How do I tell the LLM to convert my code? How do I give it the code to convert?
Building a prompt means keeping things simple. And keeping it simple is complicated. Here's the prompt: Paying attention to comments and data types, and to Cargo.toml, let's convert the following Python program into Rust:
[Here comes the concatenation of all the application's code] And yes, you have to dare to copy and paste 31 Kb into the text entry box. But it's the easiest thing to do.
We have carried out previous experiments in which the code is copied in chunks. But there are some tricky questions:
- How big are the pieces? Which file? Function? Class? How many KB? How many lines?
- In what order should the songs be included? Alphabetical order? Topological sorting? Functional sorting? What about cross-dependencies?
Simpler: everything in one go. To do this, we've gone through all the programme files and concatenated them into one big file. In this large file, they are separated by a command of the form FILE main.py :
[followed by the body of the file]
Specifying the original files is essential in Python because the filename is used to resolve dependencies in this language. This also forms useful markers for later to draw the model's attention to a specific part.
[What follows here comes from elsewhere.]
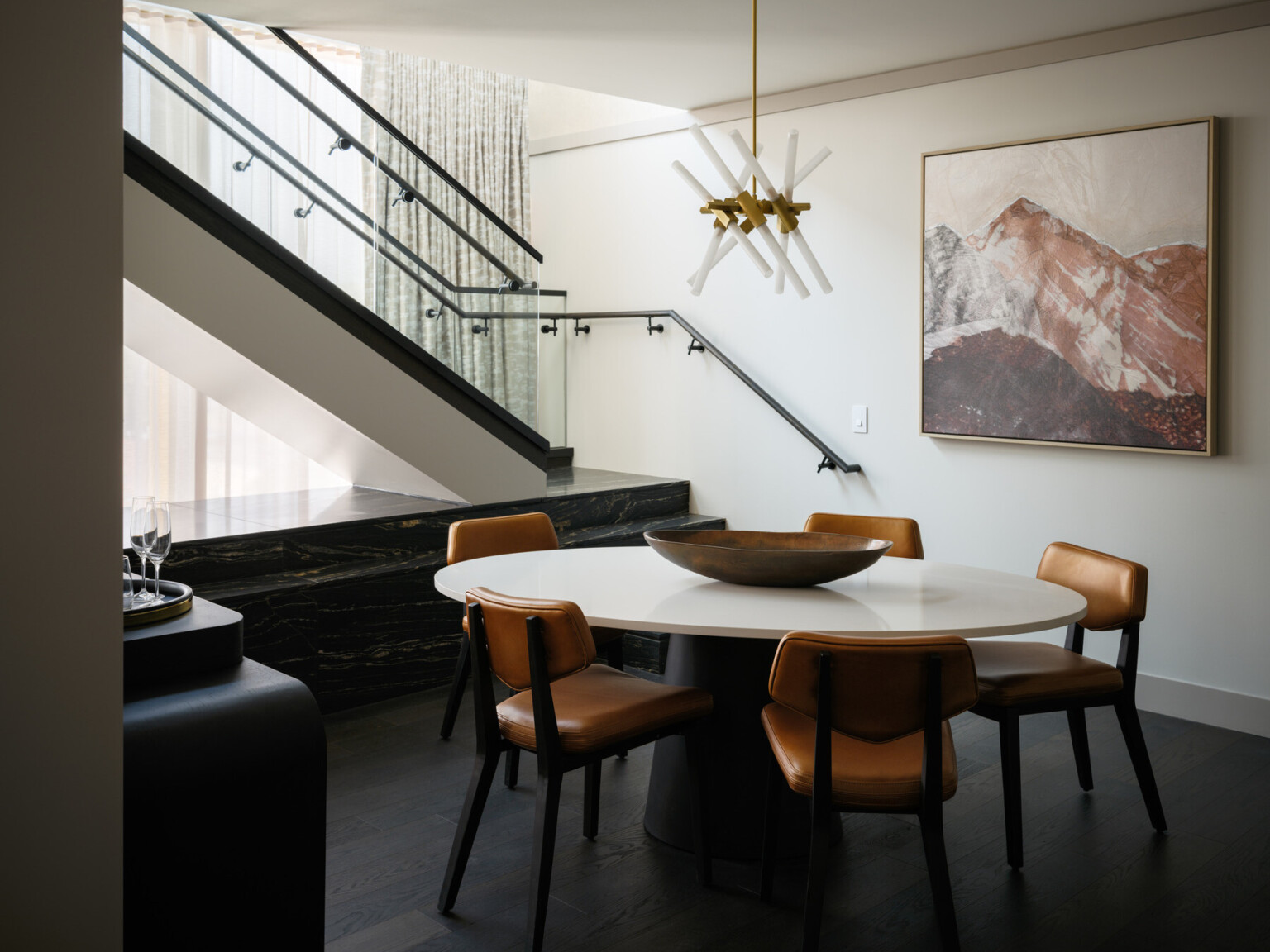 Seating area with white table and copper colored chairs, modern staircase with glass railings, modern painting in shades of orange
The prompt then looks like this :
So when does this code generation start?
All right, here's what happens when we press [enter]:
We can see that GPT4o is unable to generate the full output. The maximum length of the output has been reached. We have obtained some functions from the first files, but there is still a lot of code missing. Furthermore, the code generated by GPT4o is often more verbose than the initial code, in a ratio of 3 to 2. This does not depend specifically on the Python / Rust pair, but is more an artifact of LLM code generation. As with human responses, LLMs seem to have trouble giving short answers.
You can simply ask the LLM to continue:
The problem is that it ends up getting lost in what it has already processed and hasn't yet processed... 31 Kb of code + 31 Kb * 1.5 expected code to generate + Markdown decorators, we've already reached 64 Kb of context in the best case scenario. Unfortunately, by asking it to continue without any real reference point, it ended up converting files that had already been processed. The 64 KB slips and ends up exceeding GPT4o's 128 KB window, resulting in a loss of context.
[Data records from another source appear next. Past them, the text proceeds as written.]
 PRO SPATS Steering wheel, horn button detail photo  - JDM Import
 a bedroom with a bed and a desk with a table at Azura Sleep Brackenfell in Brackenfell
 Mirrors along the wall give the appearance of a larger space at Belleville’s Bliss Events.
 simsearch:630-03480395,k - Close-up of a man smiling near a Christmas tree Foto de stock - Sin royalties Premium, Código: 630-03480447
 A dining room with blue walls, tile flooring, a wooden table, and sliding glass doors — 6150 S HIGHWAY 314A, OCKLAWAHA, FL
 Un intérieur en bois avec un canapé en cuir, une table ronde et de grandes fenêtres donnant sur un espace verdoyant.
Let's start from the beginning. This time, however, we tell the prompt to convert only the first file. Then, once we've obtained the result, we ask for the second file, and so on. In this way, the LLM keeps the whole program in context for processing references, but only focuses its attention on one transformation at a time.
Little by little, we can copy and paste our entire new program into VSCode. If LLM is verbose, humans need to be concise.
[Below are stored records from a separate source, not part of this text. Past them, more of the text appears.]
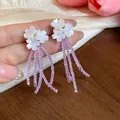 Dettaglio ravvicinato di orecchini a fiore con eleganti nappe di perline di vetro viola - Bianco-Viola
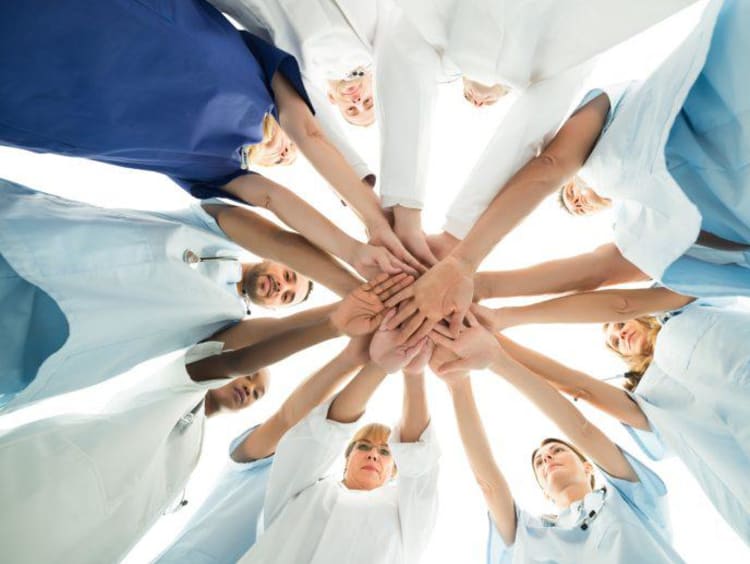 team or nurses in a huddle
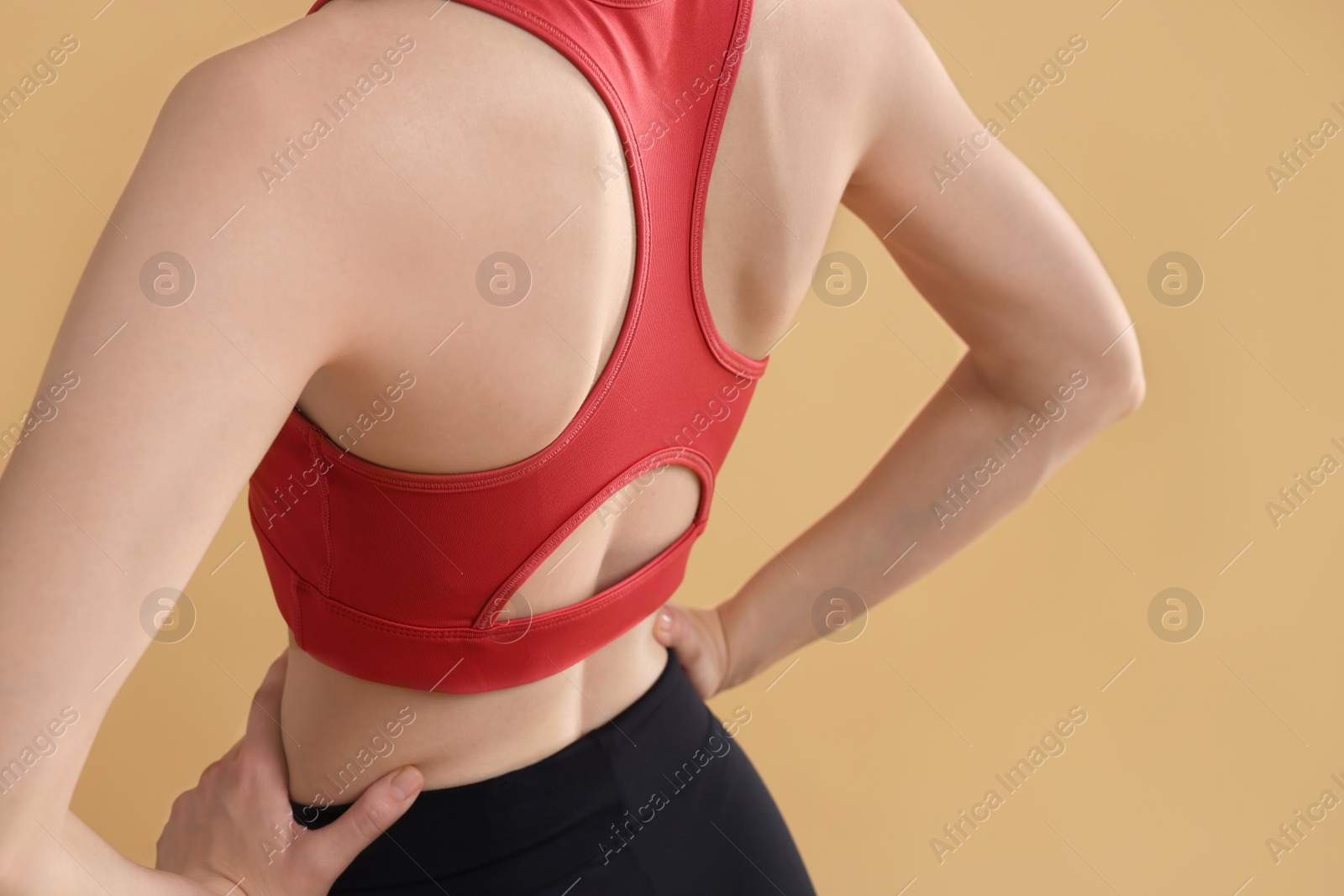 Photo of Young woman in sportswear on beige background, back view. Space for text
By asking nicely, I also get Cargo.toml, which is the file that manages dependencies and compilation in Rust. It's not a very complicated file, but its main characteristic is that it doesn't exist at all in the original Python program. It's a small addition that requires a summary of the previous program, like the summaries often done by LLMs. It is important to request the generation of this Cargo.toml file after the Rust code files have been generated, otherwise the LLM runs the risk of omitting libraries. At the beginning, the LLM has not yet considered everything it will need.
Miraculously, the copy-and-paste program seems ready to work with the traditional LLM trust that assures us we have the truth. This isn't quite the case, because, among other things, the program doesn't compile. To correct this, we're going to start learning... in a future article.
First stage review
As you will have noticed, with LLM, we spent more time planning what we were going to do and why we were going to do it, and less time actually generating code. At this stage, the time spent on the project is around 8 hours, two of which is spent generating code.